Schools are dynamic and ever-changing. Just when you think you are on top of one element of the workload, another task demands attention. Teachers and school leaders face waves of administration, data collection, and student needs that are increasing as well as constant demand on time in school and out.
The recent industrial action of teacher unions reinforces the findings of inquiries and studies that conclude “All aspects of the work of teachers has grown in volume and complexity”. The 2020 NSW People Matter Employee survey reported that only one-third of teachers say they have time to do their job well. The Sydney University study, ‘Understanding Work in Schools’ (2018) reported that school leaders work 62 hours per week, head teachers and assistant principals 58 hours per week, and classroom teachers 55 hours per week.
The results of unpacking workload will look different for every educator. While workload is unique, specific to personal context, strategies of how to create a healthy work-life balance to practice self-care, can be applied by anyone at any time.
Self-care is not a new idea.
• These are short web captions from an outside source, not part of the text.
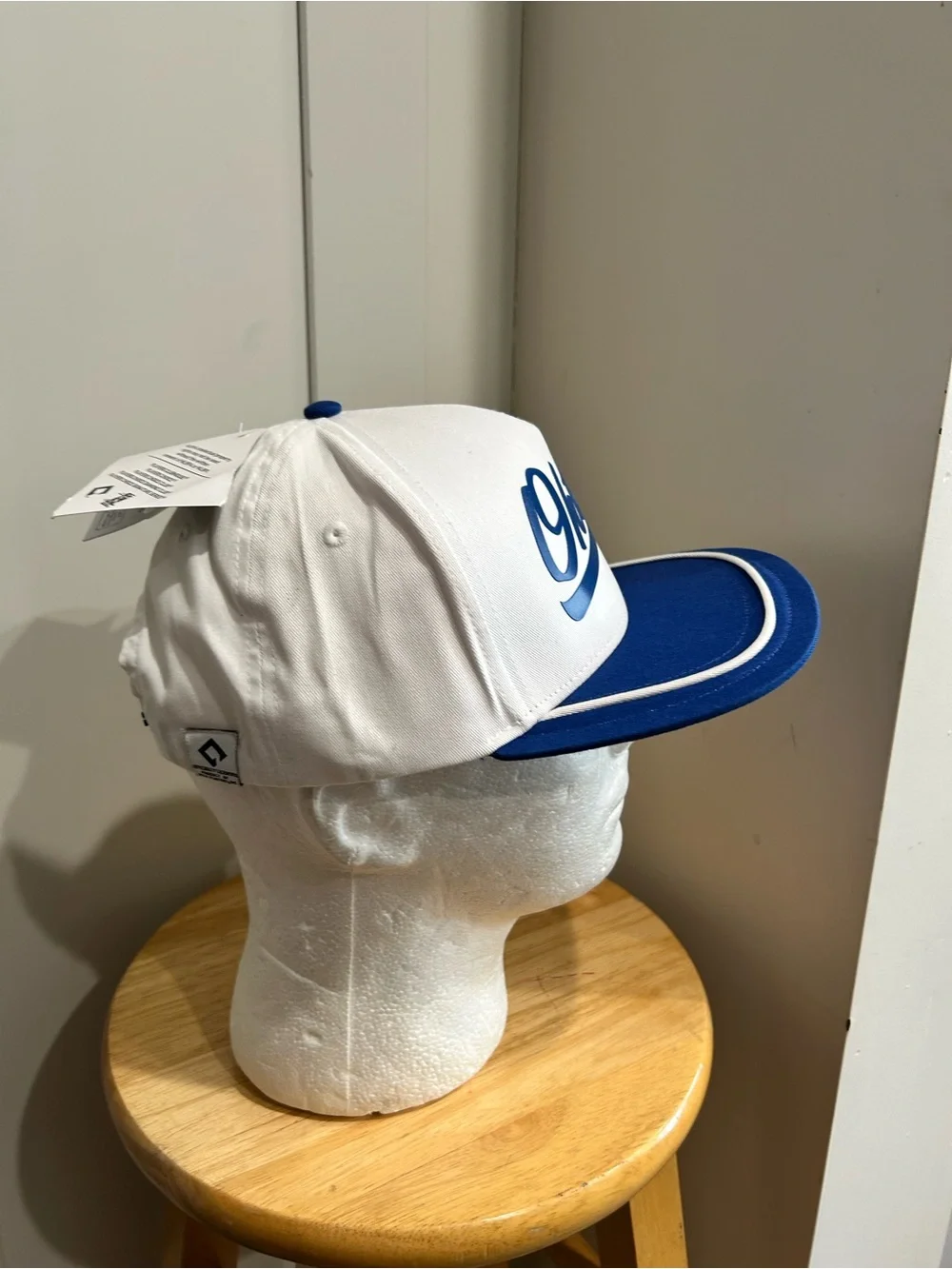 White & Blue MVP 17 Snapback Hat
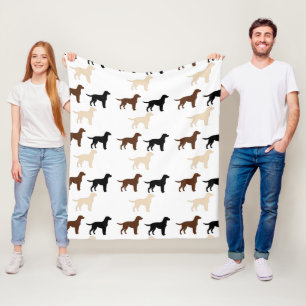 Labrador alle Silhouetten Fleecedecke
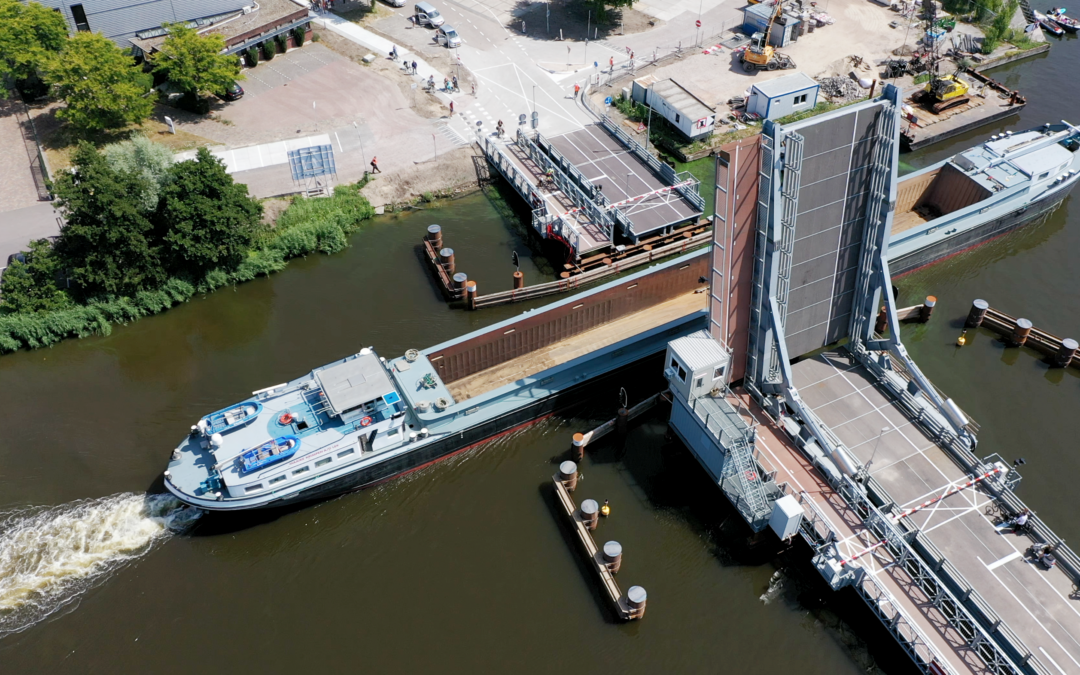 Tijdelijke autobrug Zaanbrug 2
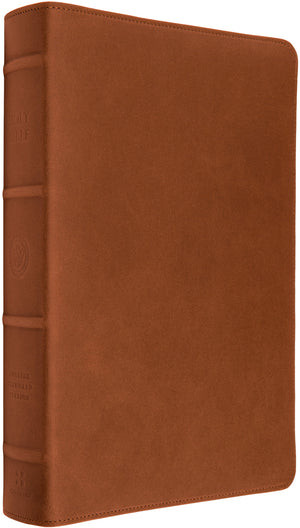 ESV Heirloom Bible, Gloria Dei: Single Column Edition (Cowhide, British Tan) front cover (8334497480904)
It is foundational to effective decision making and ethical action. Self-care is personal and unique to everyone. It relates to what you do at work and away from work to look after your whole self.
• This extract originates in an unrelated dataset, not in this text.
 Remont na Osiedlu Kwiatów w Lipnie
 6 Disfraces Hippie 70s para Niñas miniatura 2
Self-care can be described in several ways:
- Activities and practices that give you strength, that lower the level of stress and contribute to your wellbeing
- Reflecting on when stress is manageable/less manageable
- Reflecting on when physical and emotional wellbeing is enhanced
Self-care is often categorised into six areas, and each of these help people recognise the types of ways unique individuals can re-energise, prioritise, and lower stress. Areas and some examples include:
- Physical self-care: sleep, diet, physical activity
- Emotional self-care: gratitude practices, experiences, relationship, and connection
- Psychological self-care: reflective journaling, non-work hobbies, scheduled down time
- Workplace self-care: a consistent plan, peer support, professional learning, and development
- Spiritual self-care: reflective practices and places, time in nature, meditation, breathing techniques.
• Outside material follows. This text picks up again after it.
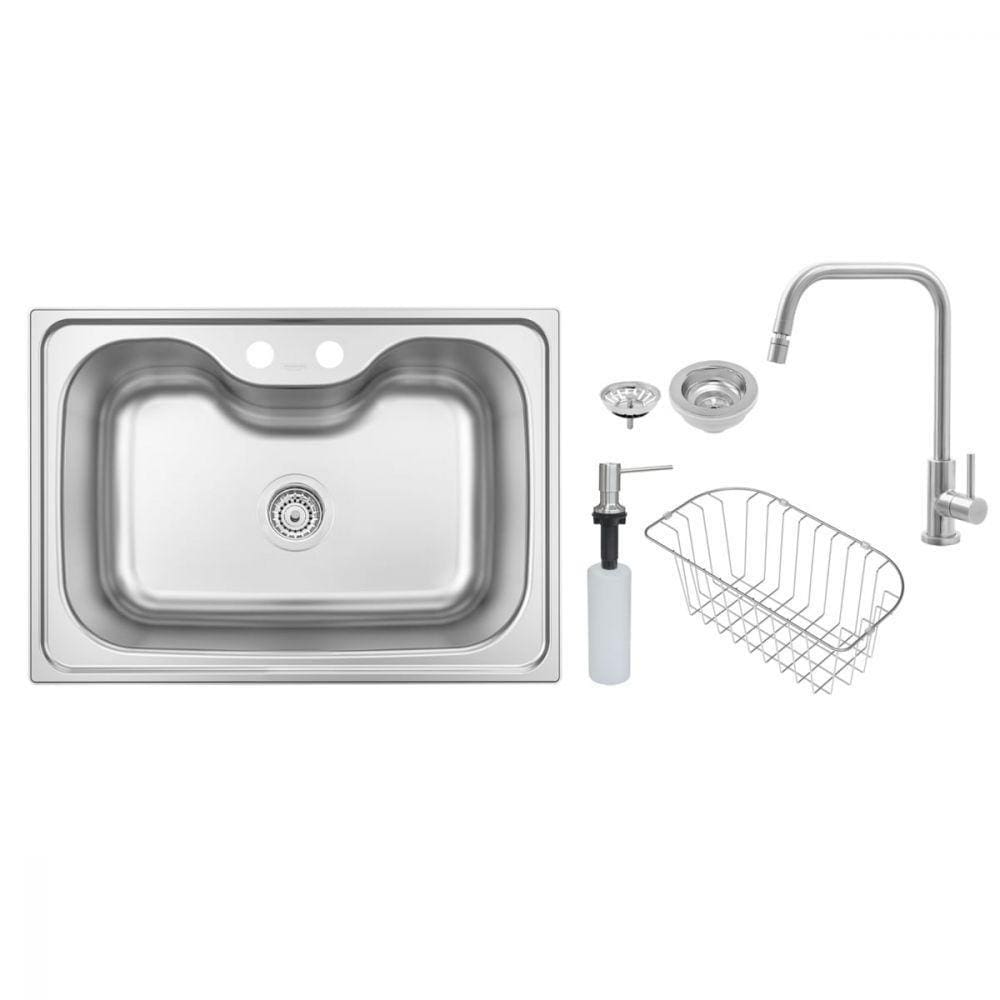 Cuba de Sobrepor em Aço Inox Tramontina Morgana Acetinado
- Relationship self-care: close relationship, family, and friends, reflecting on work schedules and impact on home life.
Reflecting on what self-care really means for you, putting actions in place for self-care strategies and allowing maximum opportunities to practice self-care must be a priority. Despite the difficulty in finding this time, the very action to highlight the significance is the first step in the process of change.
Teachers and school leaders who don’t manage a good work-life balance, or at least a proper work-life blending, will often show evidence of this physical, emotional, and psychological stress which in turn affects their ability to deal with other people.
By finding ways to care for self, to find balance in your life, and to preserve your sanity, you will be able to do a better job of responding to all the people and competing demands that you face daily.